La lutte se poursuit entre actionnaires de Baccarat. Allan Green, premier minoritaire de la célèbre cristallerie, va demander lors de l’assemblée générale du 26 juin le non-renouvellement du mandat d’administrateur de Barry Sternlicht, l’actuel président du conseil de Baccarat. Allan Green fustige «son manque d’assiduité et d’implication dans l’exercice de ses fonctions caractérisé par une absence de participation aux assemblées de la société depuis de nombreuses années ou de présence physique aux travaux des conseils». L’an dernier, le conseil d’administration de Baccarat, qui compte neuf membres, s’est réuni quatre fois avec un taux de présence allant de 55% à 88%.

Allan Green proposera également lors de l’AG la nomination de Guillaume Cerutti, PDG de Sotheby’s France, en qualité d’administrateur indépendant. Sollicitée, la direction de Baccarat n’a pas répondu aux questions de L’Agefi.

Avec un peu plus de 5% du capital, soit environ la moitié du flottant de Baccarat, Allan Green n’a aucune chance d’aboutir face au bloc majoritaire composé du Groupe du Louvre et du fonds américain Catterton. Selon le dernier avis de l’Autorité des marchés financiers, ils détiennent de concert 88,4% du capital de Baccarat et sont liés par un pacte d’actionnaires. Mais cette contestation officielle en AG vise à cristalliser un peu plus l’opposition de l’actionnaire minoritaire, née de l’augmentation de capital de Baccarat en 2012.
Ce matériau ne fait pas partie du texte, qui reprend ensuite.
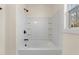 Bathroom with shower tub combo, tile surround, and built-in shelves at 1523 Alta Vista Ln, Graham, NC 27253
Après un processus d’enchères mené par Rothschild, Baccarat avait levé 27,5 millions d’euros mi-2012 via une augmentation de capital réservée à Catterton. La suppression des droits préférentiels de souscription avait empêché les actionnaires minoritaires, dont Allan Green, d’y participer. L’investisseur a contesté en novembre 2012 auprès du tribunal de commerce de Nancy les conditions de cette augmentation de capital, estimant que le Groupe du Louvre n’aurait pas dû participer au vote. Une seconde assignation, portant sur deux conventions réglementées, a également été déposée en mars 2013, toujours devant le tribunal de commerce. Les premières plaidoiries devraient se tenir en septembre.